= EXERCISE REQUIREMENTS =
Nothing but the lines below from the one that contains "Skoda Octavia A8 2021" through the one that contains "4-([2,2':6',2''-三联吡啶]-4'-基)苯酚" should be retyped, exactly and including both ends. Do not include pictures.

= LISTED ENTRIES =

------------------------------------------------------------

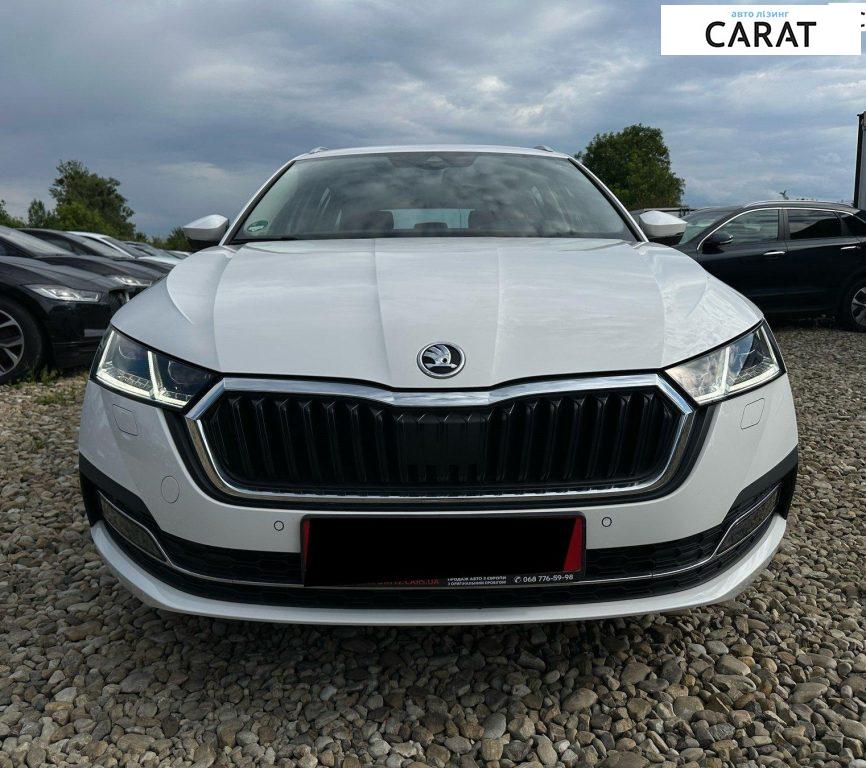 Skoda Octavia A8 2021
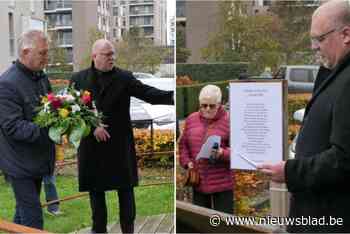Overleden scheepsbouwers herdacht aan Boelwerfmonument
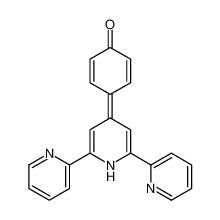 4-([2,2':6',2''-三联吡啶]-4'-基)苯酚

------------------------------------------------------------

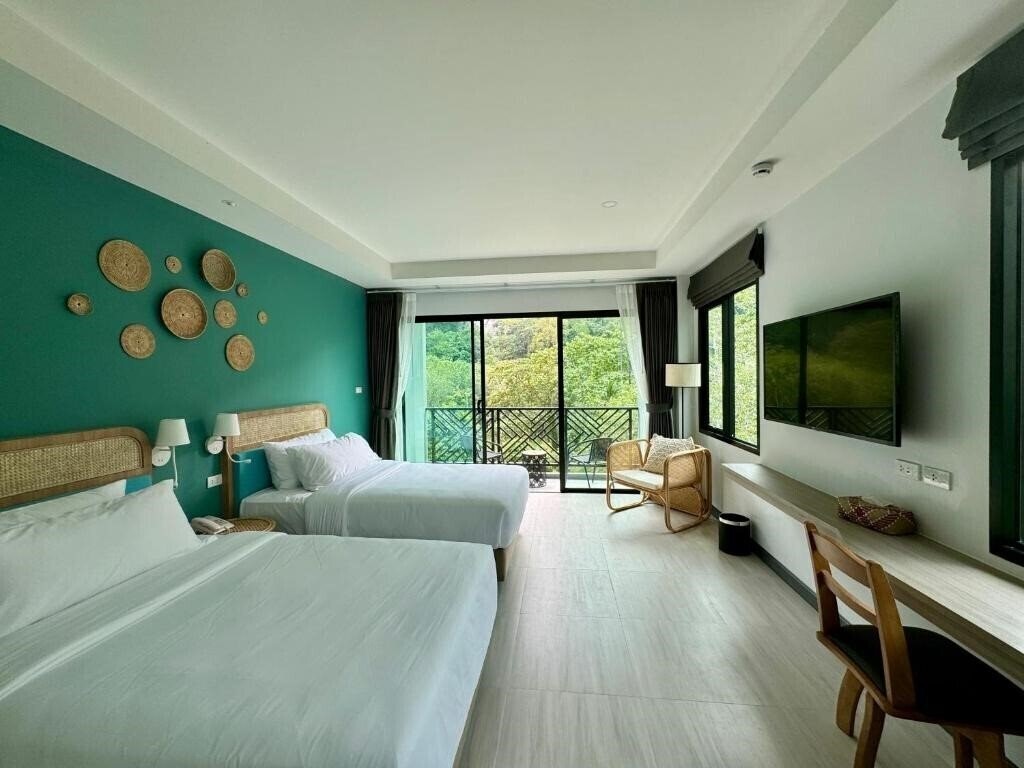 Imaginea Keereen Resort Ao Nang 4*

------------------------------------------------------------

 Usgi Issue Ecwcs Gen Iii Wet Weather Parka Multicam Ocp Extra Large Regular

------------------------------------------------------------

= THE ANSWER =
 Skoda Octavia A8 2021
Overleden scheepsbouwers herdacht aan Boelwerfmonument
 4-([2,2':6',2''-三联吡啶]-4'-基)苯酚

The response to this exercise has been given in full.